── Source information ──

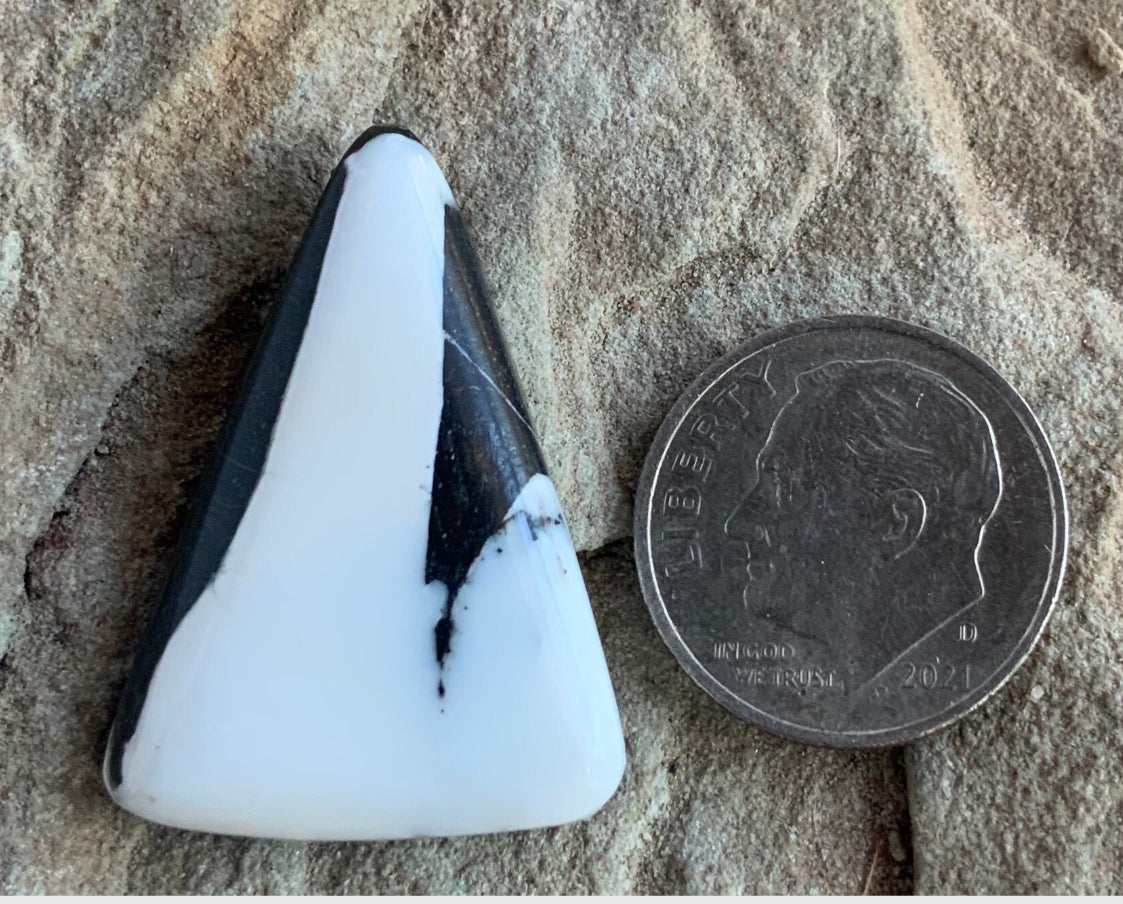 Natural White Buffalo Triangular Cabochon — Ranch Gypsy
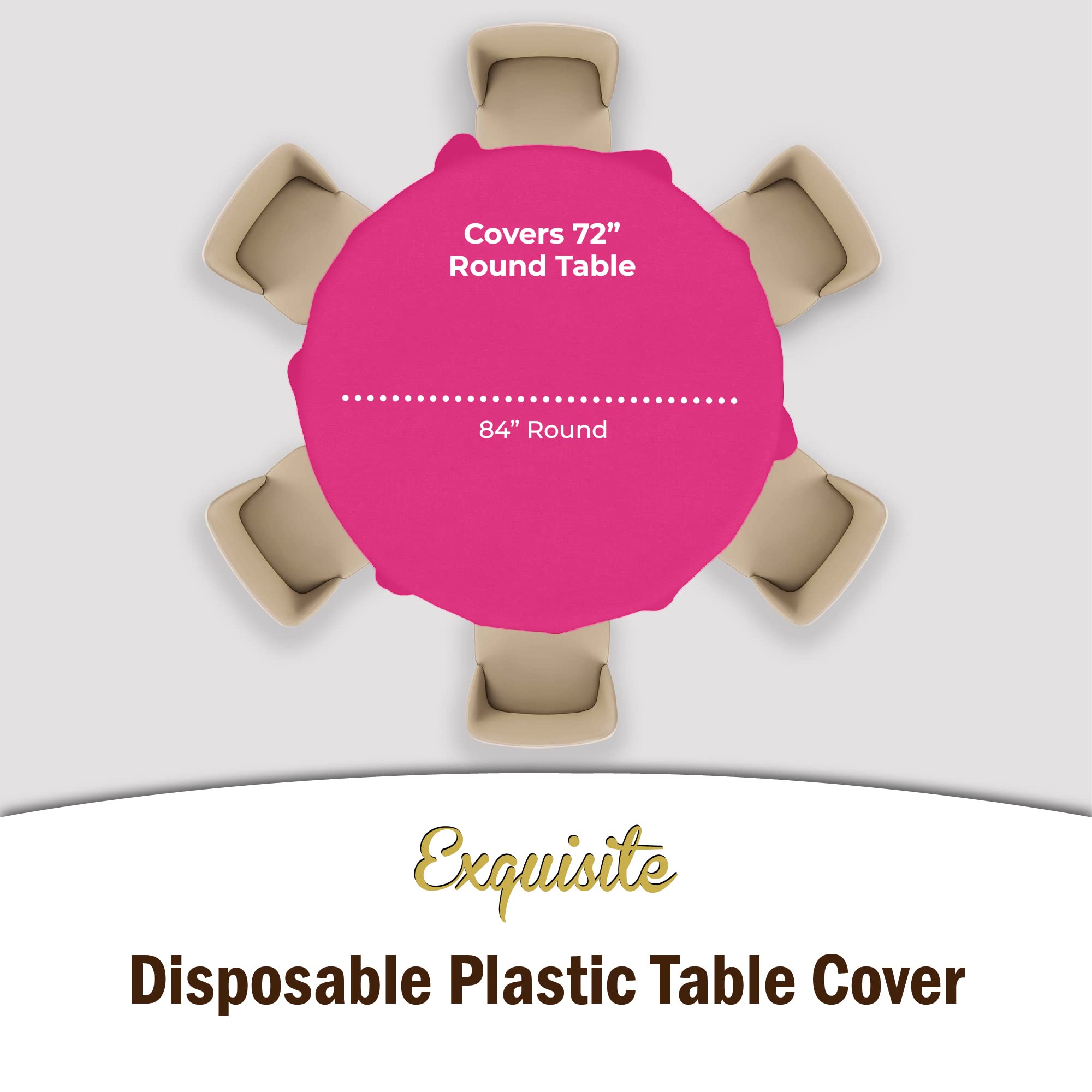 Premium Round Cerise Plastic Table Covers | 96 Count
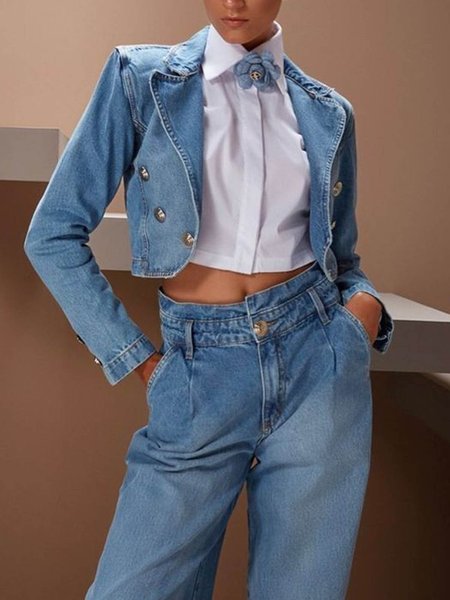 

Regular Fit Urban Plain Denim Coat, Blue, Jackets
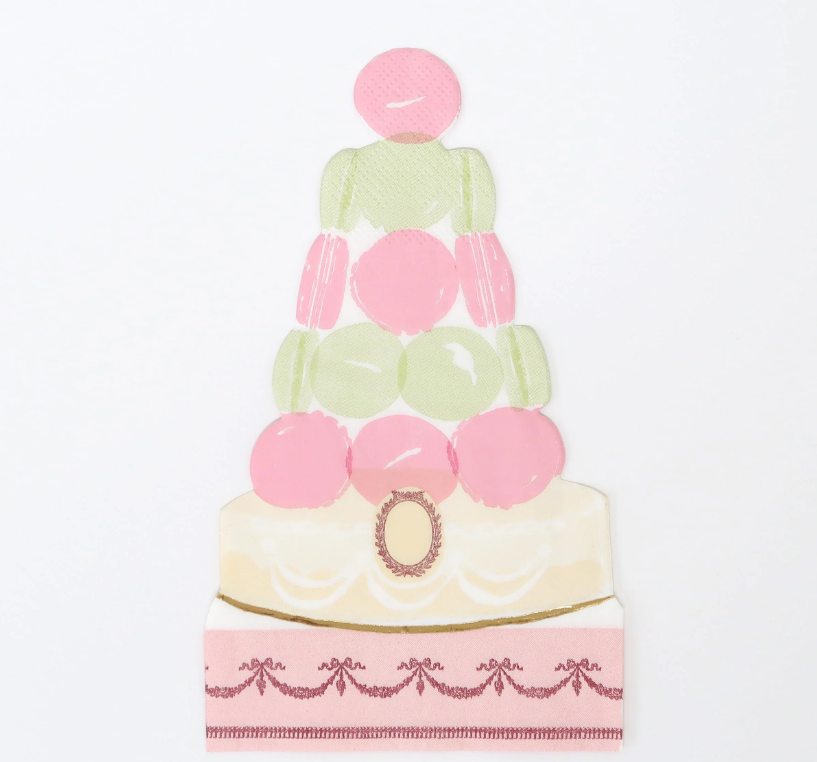Meri Meri x Ladurée Paris Macaron Pyramid Napkins (x16)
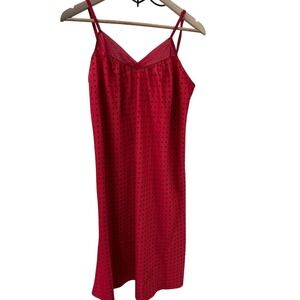 Cabernet Red Polka Dot Nightgown with chiffon trim sz‎ Medium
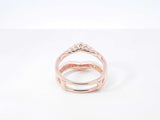 0.24 Cttw Diamond & 14k Rose Gold Chevron Ring Enhancer 4.2g Size 7 Fw0926wlrdu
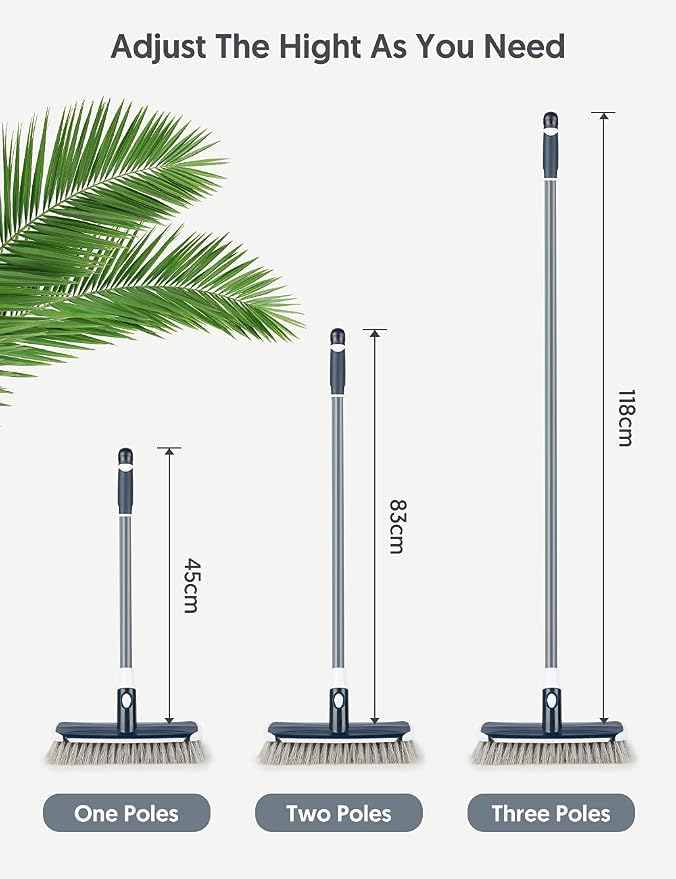 Floor Scrubber with Long Handle, 2 in 1 Scrubbing Brush Stiff Bristle Shower - Image 6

───

Everything in the data except the pictures must be retyped exactly.

- Written reply:
 Natural White Buffalo Triangular Cabochon — Ranch Gypsy
 Premium Round Cerise Plastic Table Covers | 96 Count

Regular Fit Urban Plain Denim Coat, Blue, Jackets
Meri Meri x Ladurée Paris Macaron Pyramid Napkins (x16)
 Cabernet Red Polka Dot Nightgown with chiffon trim sz‎ Medium
 0.24 Cttw Diamond & 14k Rose Gold Chevron Ring Enhancer 4.2g Size 7 Fw0926wlrdu
 Floor Scrubber with Long Handle, 2 in 1 Scrubbing Brush Stiff Bristle Shower - Image 6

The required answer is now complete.